Anthony Mackie does yeomanlike work as Garrett, marching stoically from door-to-door looking for real estate investments. He is not Rocky so we avoid the crashing soundtrack when he knocks out the giant Nazi, and he is not Horatio Alger’s Ragged Dick either, thank goodness. Garrett is more like Oscar Isaac in “A Most Violent Year” or a radically modern update on Jimmy Stewart’s “Wonderful Life.”
Saviors come in the form of, you would never guess, California, and a very smart partner Joe Morris (a shining Samuel L. Jackson). The two see big money in selling white-owned real estate to blacks but soon run into deeply ingrained redlining enforced by banks. No mortgage loan, no house, no sale. As it turns out, a bank in Willis is for sale and the two buy it. Except there is a minor problem, no one in Texas at that time would sell a bank to a negro.
Working class white man Matt Steiner (Nicholas Hoult) was part of Garrett’s house remodel crew in Texas. A hard worker and honest, to a point, he agrees to be the front man for the new banking enterprise. Thereafter follows a series of vignettes featuring the two smart black bankers acting as chauffeurs for Matt while they coach him on every aspect of being rich. He learns some the easy way and some the hard way. What he learns the hard way will spell the end of the partnership.
The story, although true enough, is simplistic. There are probably a lot of interesting details that were left out for the sake of the Hollywood treatment and these missing pieces stop any resonance with Jackson’s legendary role in “Pulp Fiction.” Tough luck for director George Nolfi, but he is able to marshal his considerable screenwriting skills to make a suspenseful movie nonetheless.

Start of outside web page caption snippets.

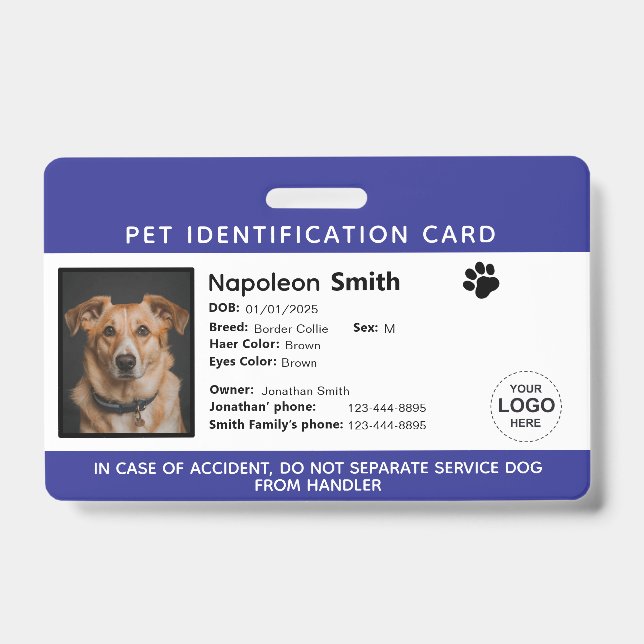 Editable Pet ID Card ,Navy White Service Dog Logo Badge (Front)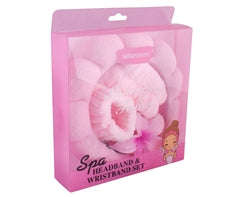 Spa Headband, Wristband & Hair Clip Set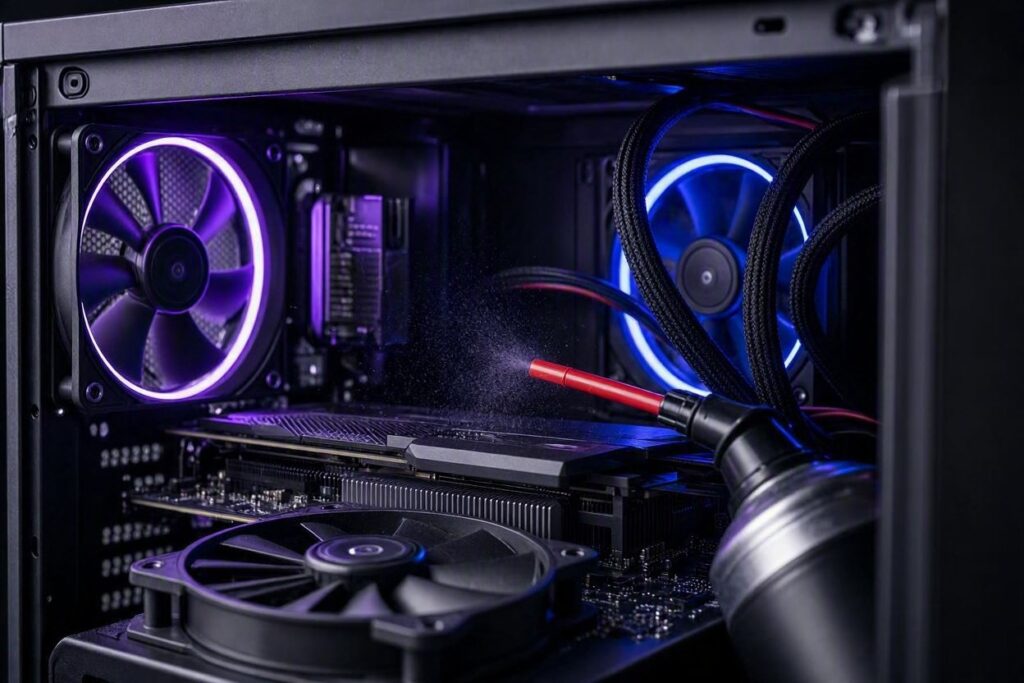 Limpeza de PC gamer com ar comprimido e iluminação RGB roxa e azul, estilo Nerdesk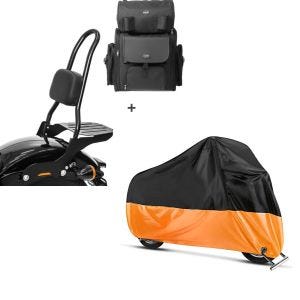 Set: Sissybar CSL + Hecktasche für Harley Softail Street Bob 18-21 abnehmbar mit Gepäckträger Craftride + Abdeckplane Harley Softail Street Bob / Fat Bob / 114 Craftride XXL in schwarz-orange_1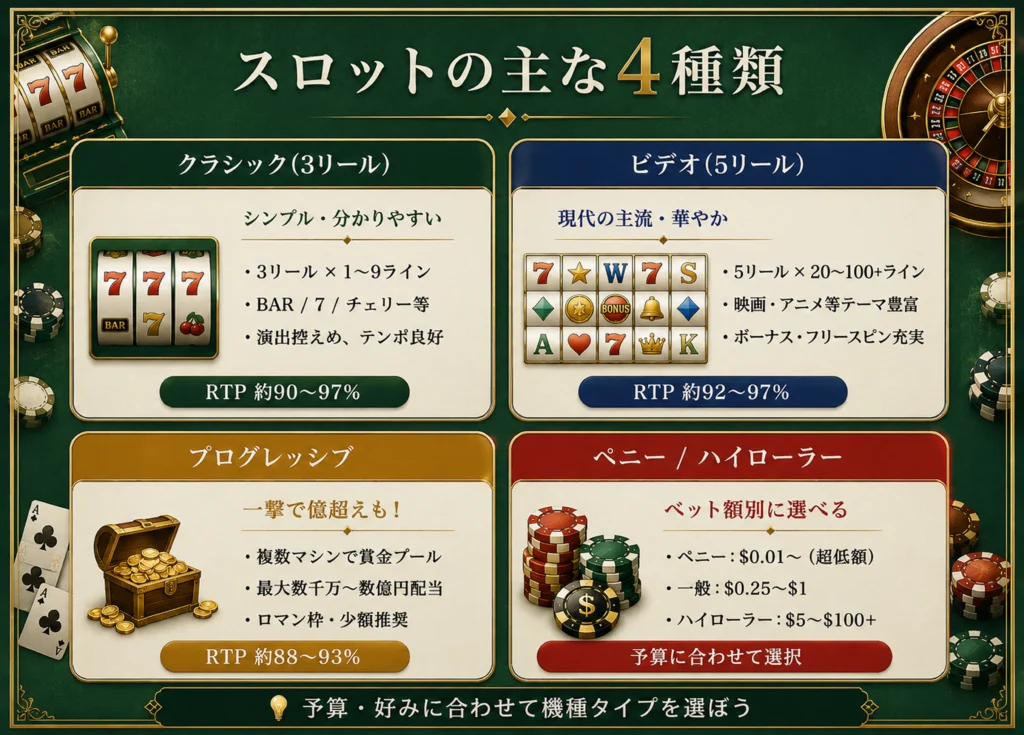 カジノスロットの4種類(クラシック・ビデオ・プログレッシブ・ペニー/ハイローラー)と特徴・RTP比較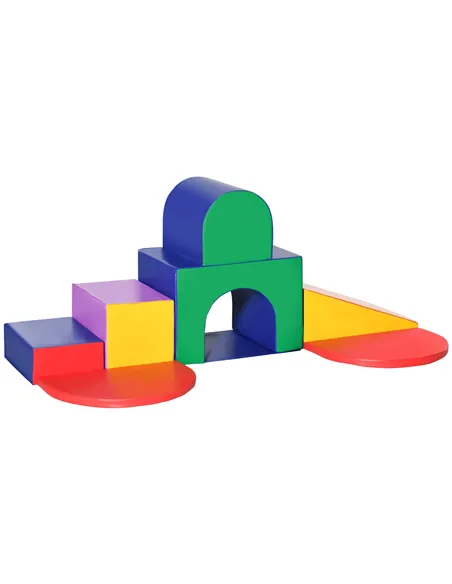 HOMCOM Seven-Piece Kids Soft Playset, for Toddlers - Multicoloured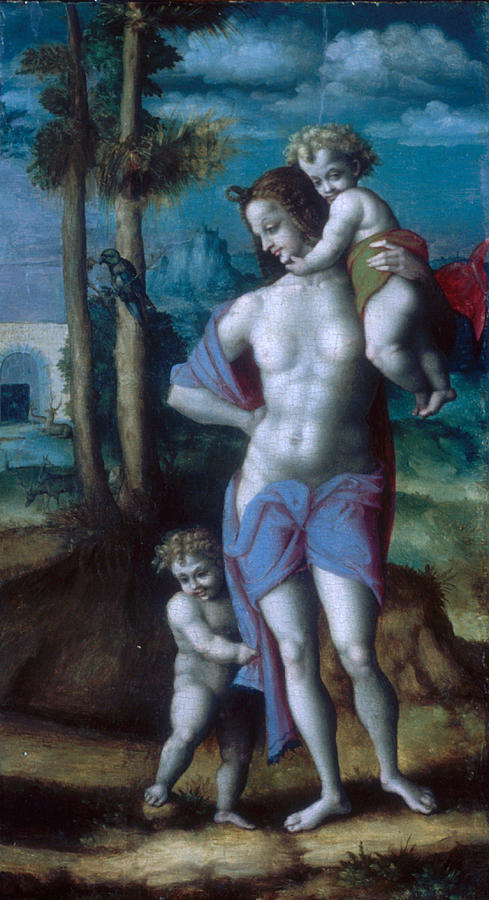 Francesco Painting - Eve with Cain and Abel  by Francesco Bacchiacca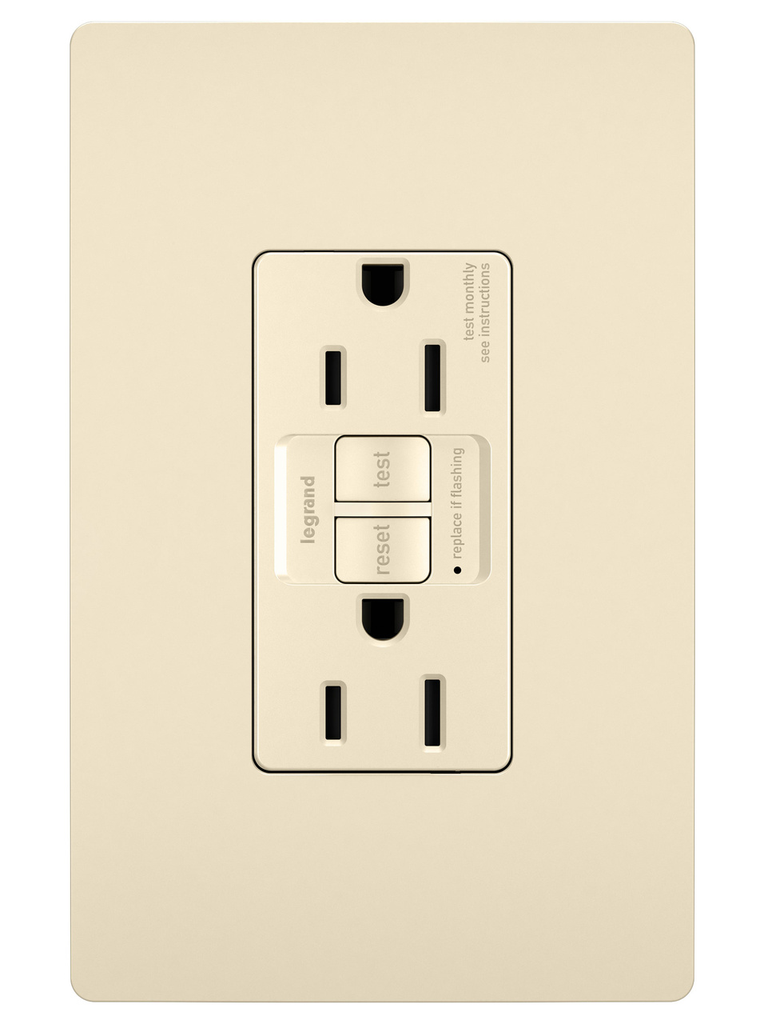 Mayer-DDS-radiant® Tamper-Resistant 15A Duplex Self-Test GFCI Receptacles with SafeLock® Protection, Light Almond-1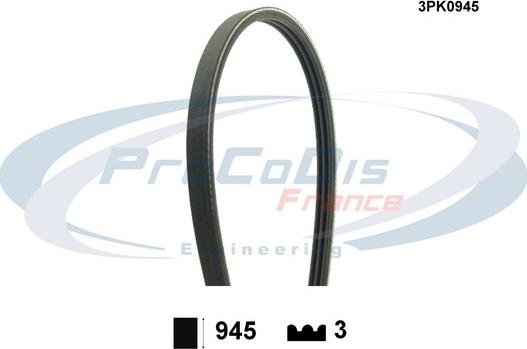 Procodis France 3PK0945 - Courroie trapézoïdale à nervures cwaw.fr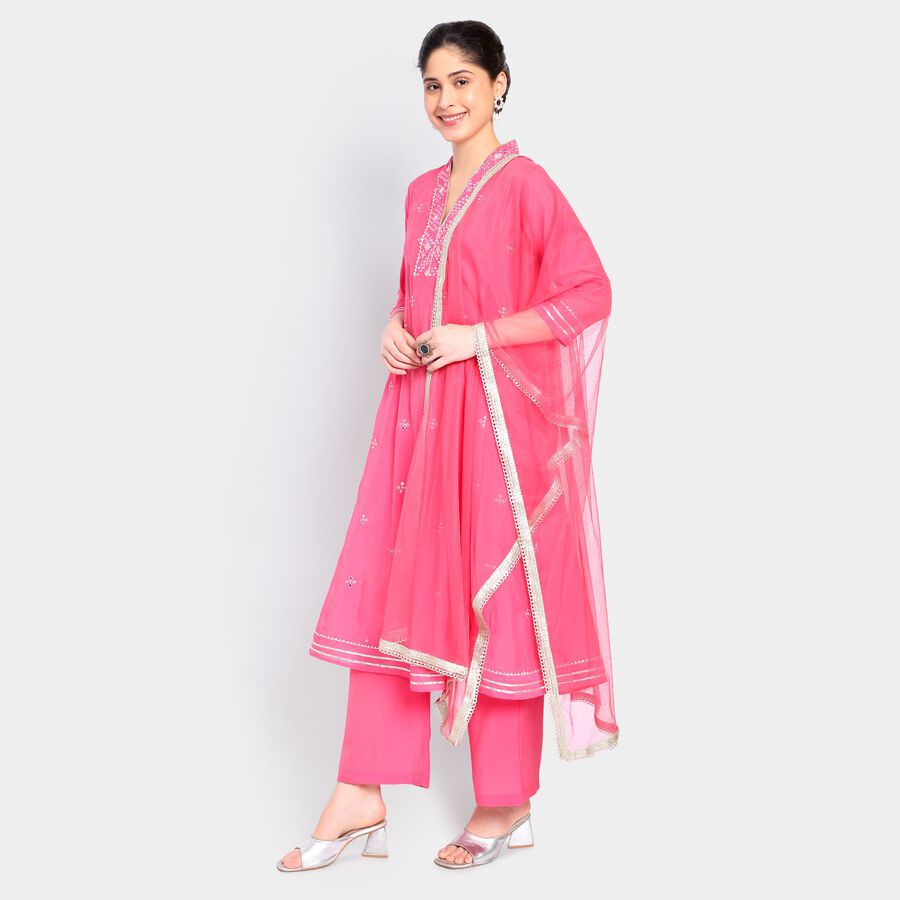 Ladies' Kurta Pyjama Set with Dupatta, रानी (फ्यूशिया), large image number null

Although this does not compare to his writing in “The Bourne Ultimatum” it is a good first try in the director’s chair.
This film would not have been a success without Nia Long, as Garrett’s wife Eunice, pushing it over the finish line. She plays a wife that is supportive and every bit as smart as either of the two male leads. In fact, she cautions against the risk of putting the dreadfully inexperienced Steiner in charge of the operation; the lynchpin that soon has the FBI at the door.
Even so, it is a remarkable story of two men who deserve to be remembered, and respected, for breaking down barriers in spite of crushing opposition. If they did it their way, they did it the only way, and brought America one more step up the hard ladder of racial equality. Although there are many steps left to take, people of color no longer are forced to equate success in the white man’s world with lynching.